Nietzsche a tout d'abord subi l'influence de la culture et de la réflexion
helléniques. Il salue l'audace des présocratiques (Thalès, Parménide,
Héraclite) en les opposant à Socrate, ce « plébéien inculte », ainsi qu'à
Platon. Mais la philosophie de Schopenhauer le frappe également. Le Monde
comme volonté et comme représentation le bouleversera. Nietzsche rejettera
par la suite le pessimisme ainsi que l'idéal ascétique de Schopenhauer. De
même, Nietzsche a longtemps admiré Richard Wagner avant de lui reprocher
l'atmosphère de kermesse de Bayreuth, ainsi que son adhésion à l'Allemagne
de l'Empire, que Nietzsche tient pour corruptrice de la civilisation.
Nietzsche a traqué, sous toutes ses formes, l'illusion des arrières-mondes :
ce qui compte, c'est notre monde, en tant qu'il est joie, création et
plénitude vitale, volonté de puissance. La volonté de puissance, envisagée
comme énergie conquérante et dominatrice, volonté d'un surplus de force
active et dynamique, faculté créatrice et plénitude de l'âme, consiste, sous
sa forme la plus haute, à créer. Le « surhomme » condense alors l'homme
libre d'esprit et de cœur, le créateur, le point le plus haut de l'humanité.

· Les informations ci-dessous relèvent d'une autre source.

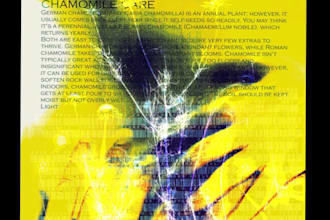 design an experimental poster for your concert, gig or event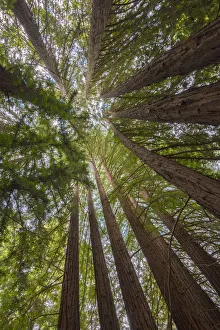 USA, California, Oakland, Redwood Regional Park, Coast Redwood Trees (Sequoia USA, California, Oakland, Redwood Regional Park, Coast Redwood Trees (Sequoia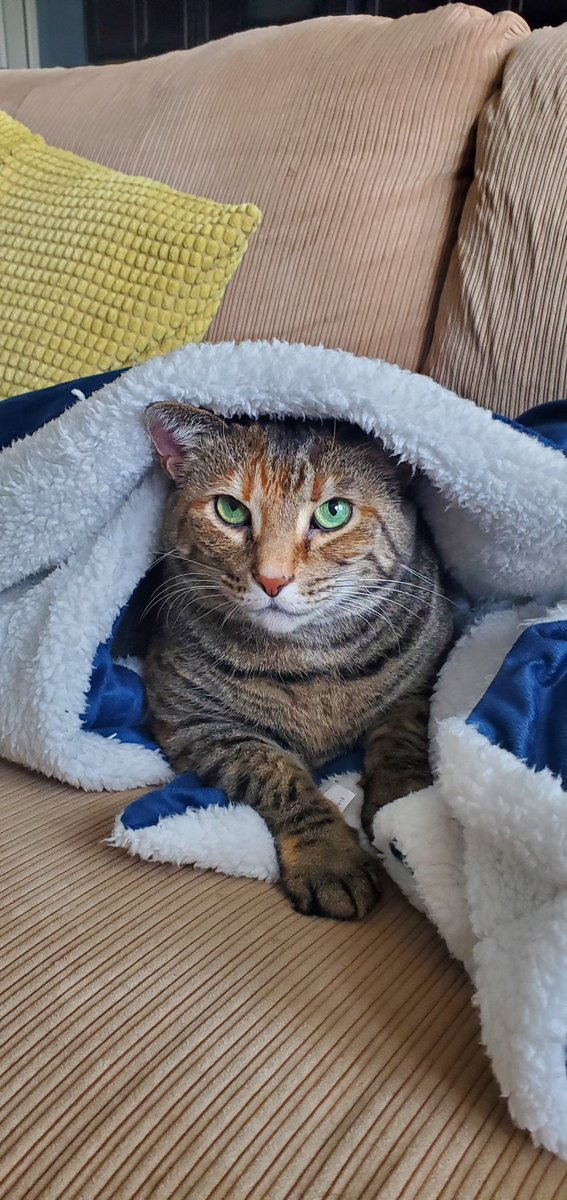 that_one_soup's tweet photo. @CrankGameplays Gatitos https://t.co/AMnD6I7hGP
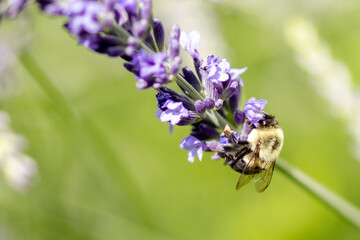 Bee on lavender 
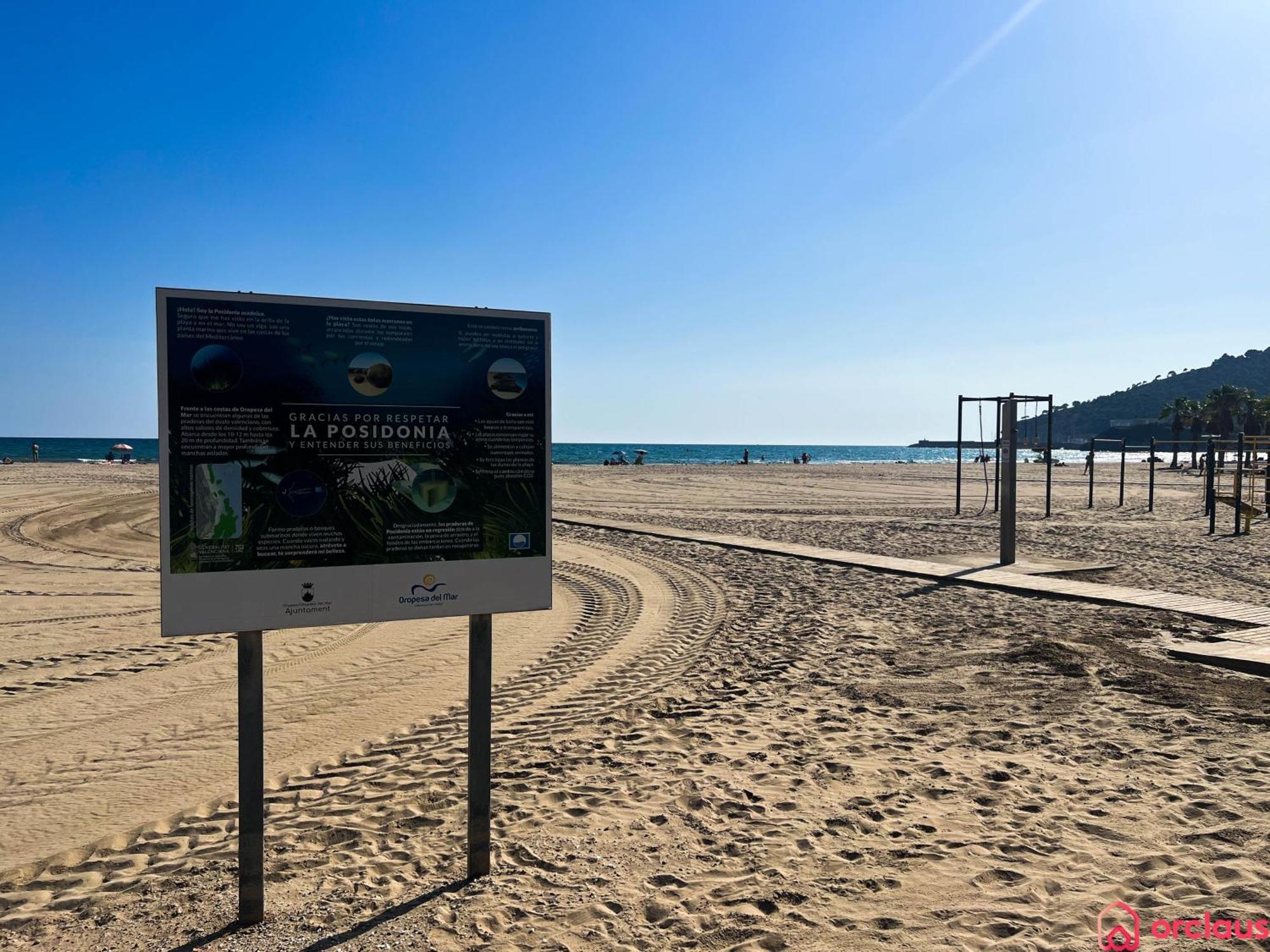 El Paraiso En Playa Concha Oropesa del Mar Eksteriør bilde
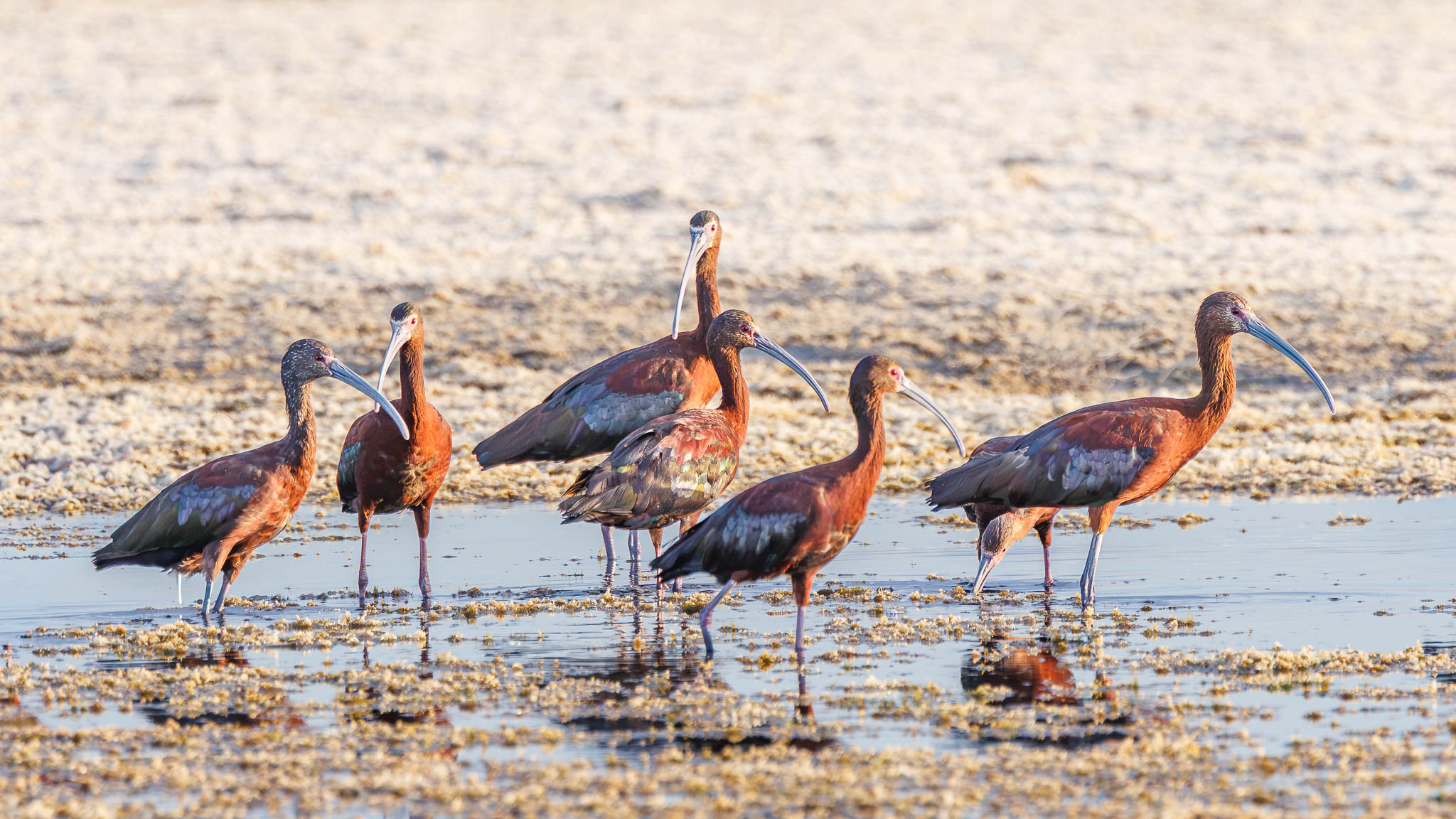 White-faced Ibis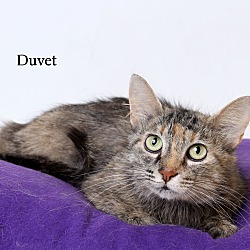 Thumbnail photo of Duvet #2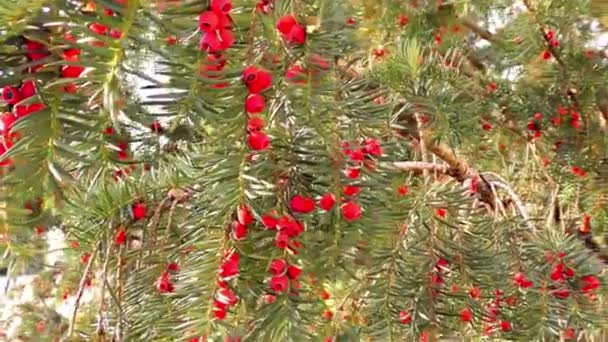 Feuilles Automne Dans Parc Baies Genévrier — Video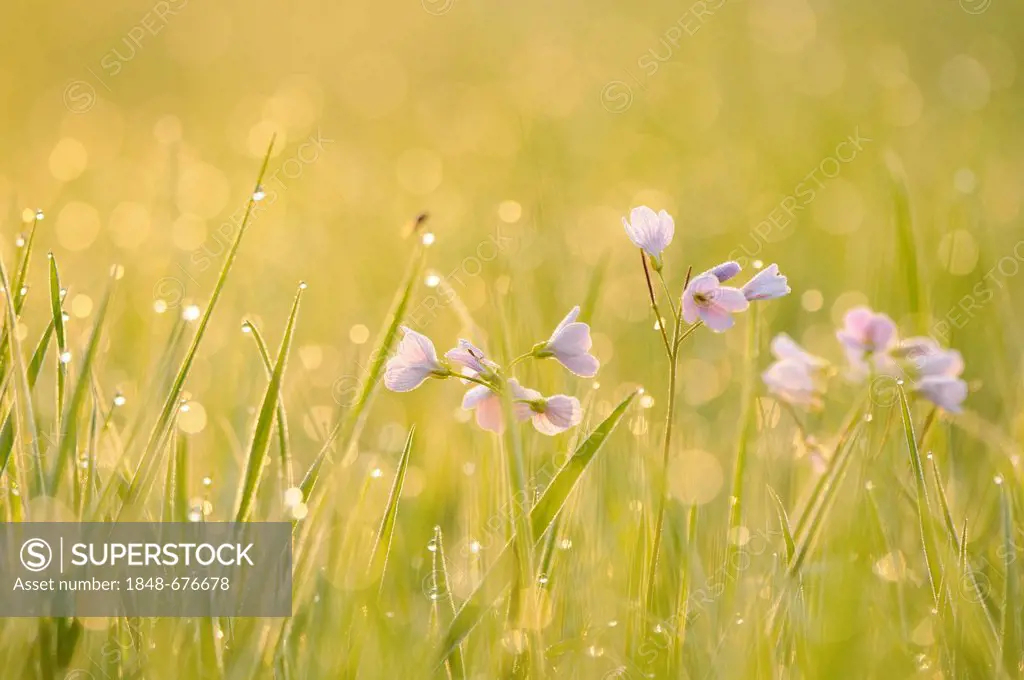 Cuckoo Flower or Lady's Smock (Cardamine pratensis) in morning light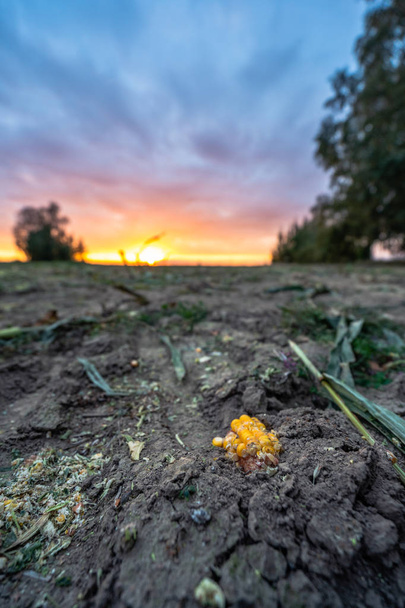 Świeżo uprawiane organiczne polu kukurydzy dla biomasy letni wieczór zachód słońca kolory, dramatyczne niebo - koncepcja odżywiania pełne warzyw i odnawialnych źródeł energii, gazu, paliwa, Selektywny fokus - Zdjęcie, obraz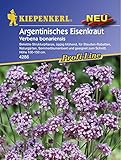 Verbena bonariensis Argentinisches Eisenkraut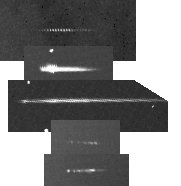 cyg.jpg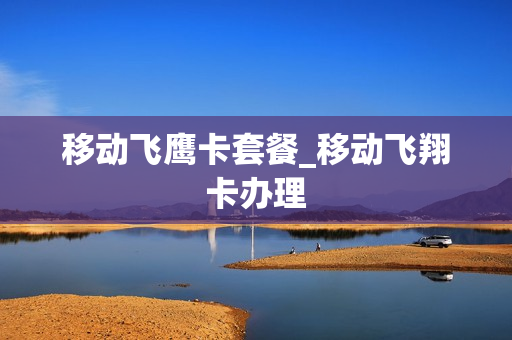 移动飞鹰卡套餐_移动飞翔卡办理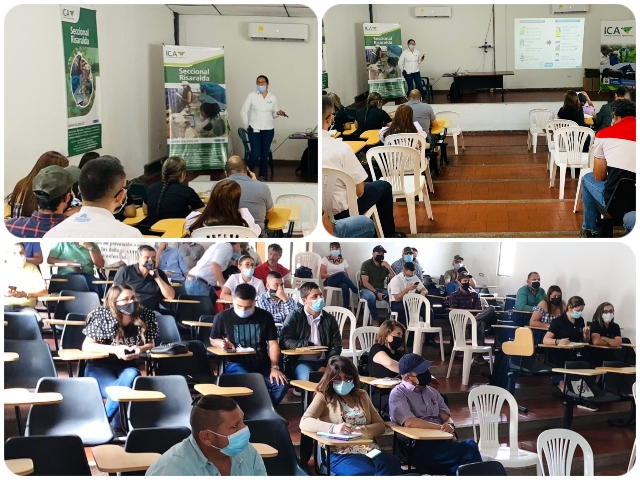 Producción y exportación de productos agrícolas desde Risaralda, fácil y seguro    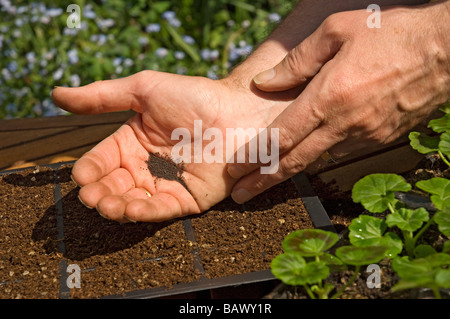 Gros plan de jardinier homme personne plantant des semences dans des plateaux en plastique plateau à semences plateau à semences au printemps Angleterre Royaume-Uni Royaume-Uni Grande-Bretagne Banque D'Images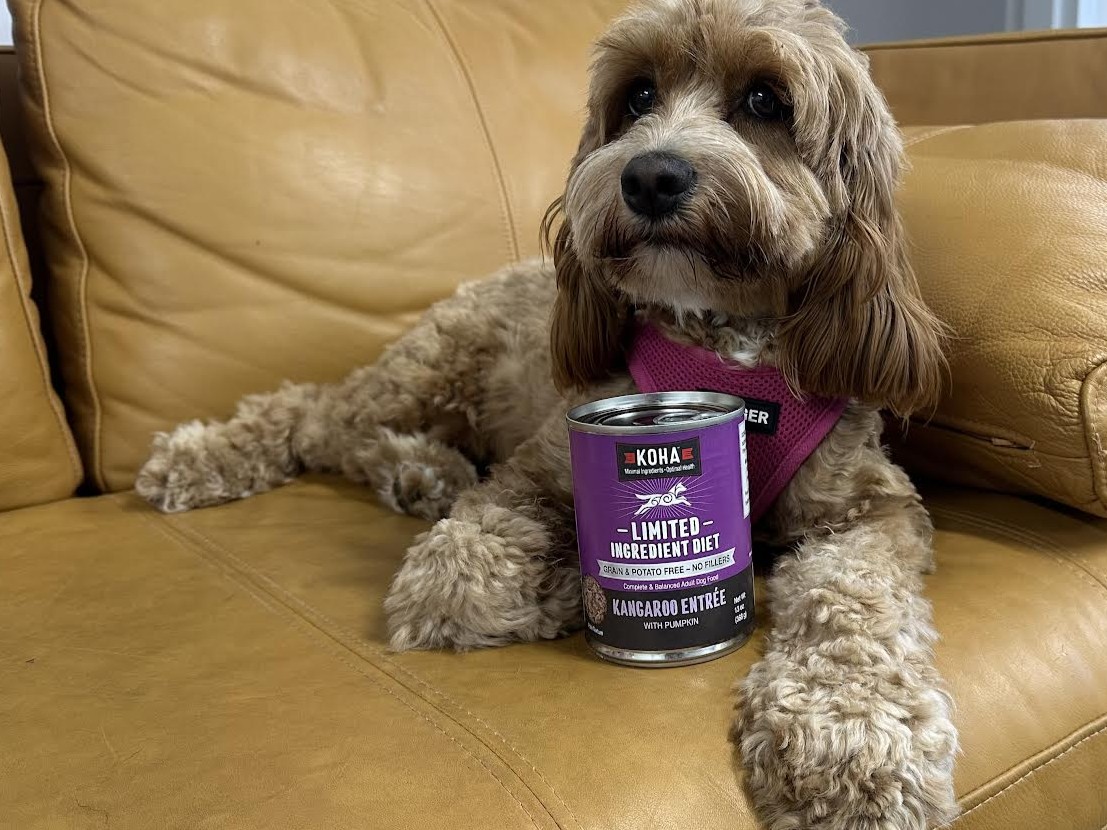 KOHA Dog LID Kangaroo 2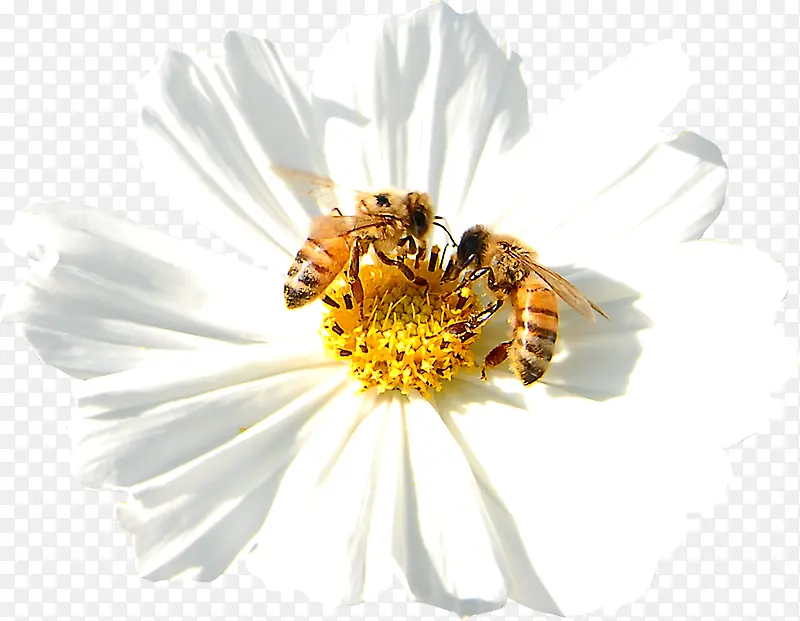 春季白色雏菊蜜蜂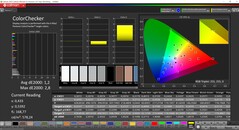 CalMAN ColorChecker (målfärgrymd P3)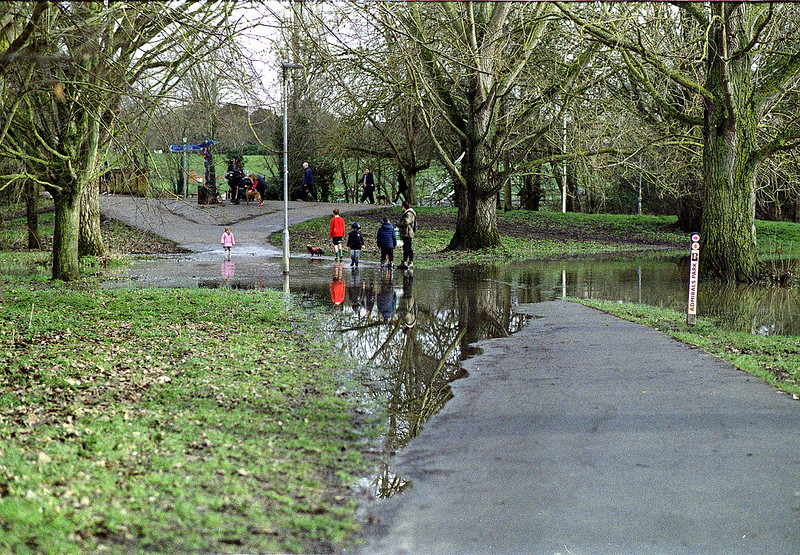 Flooding in The Park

L'esclave, quant à lui, reste le faible, celui qui ne peut créer
authentiquement et vit dans le ressentiment, c'est-à-dire dans ce sentiment
de rancune et d'amertume que ressentent les faibles devant les créateurs et
les maîtres. Le ressentiment est posé par Nietzsche comme étant l'origine
des valeurs morales qu'il s'agit de renverser.
La volonté de puissance se place au centre de la philosophie de Nietzsche.
Elle forme le « moteur » de l'Univers. Elle se définit comme une « force » à
la fois créatrice et destructrice, qui meut sans but un univers fermé et
éternel, dans lequel tout se modifie sans cesse sous l'effet des cycles que
cette force effectue. Ainsi, tout état de cet univers revient périodiquement
(l'Éternel Retour). Cette force provoque une irrésistible augmentation de
puissance, conduisant tout être à s'enrichir par des créations et des
acquisitions nouvelles qui détruisent en même temps d'autres êtres. La vie
est un des aspects de cette volonté de puissance : elle se manifeste chez
l'homme aussi bien par des créations de valeurs que par la domination du
fort sur le faible.
Cette conception de l'Univers rentre en totale opposition avec les théories
distinguant un monde vrai et un monde apparent, avec les morales classiques,
ainsi qu'avec l'idée d'un devenir soumis au progrès. La vision nietzschéenne
conduit à une virulente critique de toutes les idées établies et débouche
sur un nihilisme total porteur de valeurs nouvelles.